И было еще одно обстоятельство, которое прибавляло сил и помогло выйти, — вера в авторитет. Есть старый казачий обычай, родившийся еще в Отечественную войну 1812 года в полках генерала Платова, а возможно, и раньше, обычай, который широко использовался в Первой Конной. Его вспомнил Антон Яковлевич Ковальчук. Где-то в середине пути по колонне пронеслось, словно свежий ветер прошелестел:

— Походную колонну ведет генерал Горшков!

И казачьи сердца приободрились, смертельно уставшие люди подтянулись. Если сам командующий с нами, то непременно выйдем! Не было в походной колонне Сергея Ильича Горшкова, но имя его, авторитет его прибавили силы, вселили веру в успех марша. На исходе ночи к нашей колонне примкнули еще две колонны выходившей из окружения стрелковой части.

Уже начинался рассвет, когда колонна натолкнулась еще на один заслон противника. Но он был смят так же, как сминались другие, — в короткой схватке с передовым отрядом.
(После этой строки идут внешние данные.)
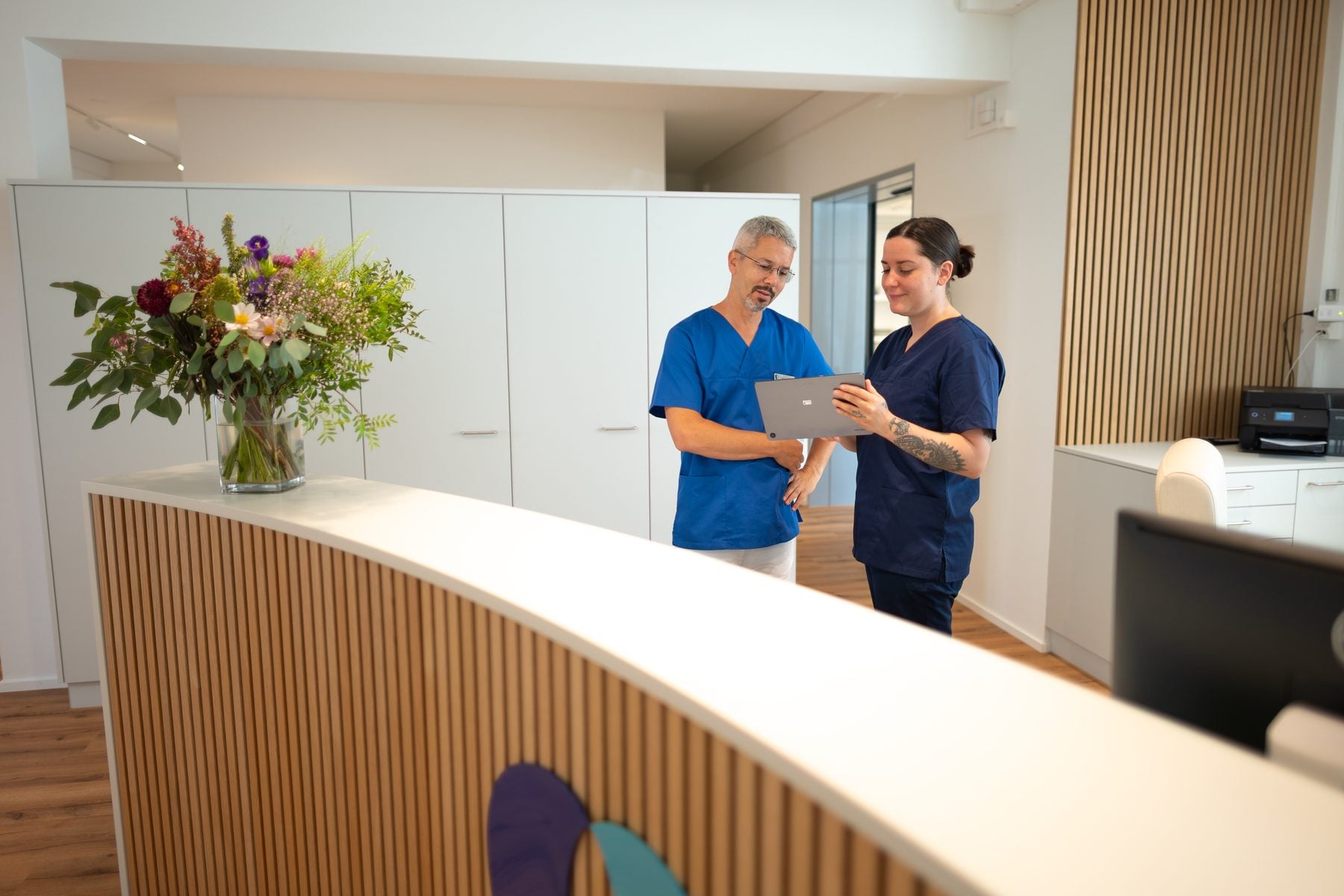 Empfang der Praxis mit Blumenstrauss, zwei Mitarbeitende besprechen sich am Tablet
Мы считали чудом, что нашей почти уполовиненной дивизии удалось пройти 60 километров без боеприпасов, с большим обозом, сохранив всю технику, с ничтожно малыми потерями. Пройти и выйти из окружения. Надо было видеть и пережить ту огромную радость, когда полки встретились с частями родного корпуса.

К сожалению, автору этих строк и большой группе казаков еще целые сутки не довелось испытать радость встречи. А случилось вот что. Переезжая глубокую канаву, застряли сразу три повозки с минометами второго взвода моей батареи. Я, естественно, не мог оставить старшину Рыбалкина со взводом в этой канаве. Пока возились с повозками, мимо нас, обтекая справа и слева, двигались конные и пешие подразделения или просто группы бойцов. С работой мы, наконец, управились и на галопе стали догонять полк. Но встретилась развилка дорог. Куда ехать? Прямо или круто повернуть в сторону? Свежие следы подков и колес вели туда и сюда. Здесь, на развилке, должен стоять маяк-регулировщик, но его почему-то не оказалось. Как позднее выяснилось, командир взвода лейтенант Тарасенко маяка здесь оставлял. Но тот, пропустив батарею, подождал немного, но никого на дороге не было, и он посчитал, что все прошли. Самовольно снялся и стал догонять взвод. Своеволие казака, его недисциплинированность могли привести к беде сотни людей. Впрочем, и привели.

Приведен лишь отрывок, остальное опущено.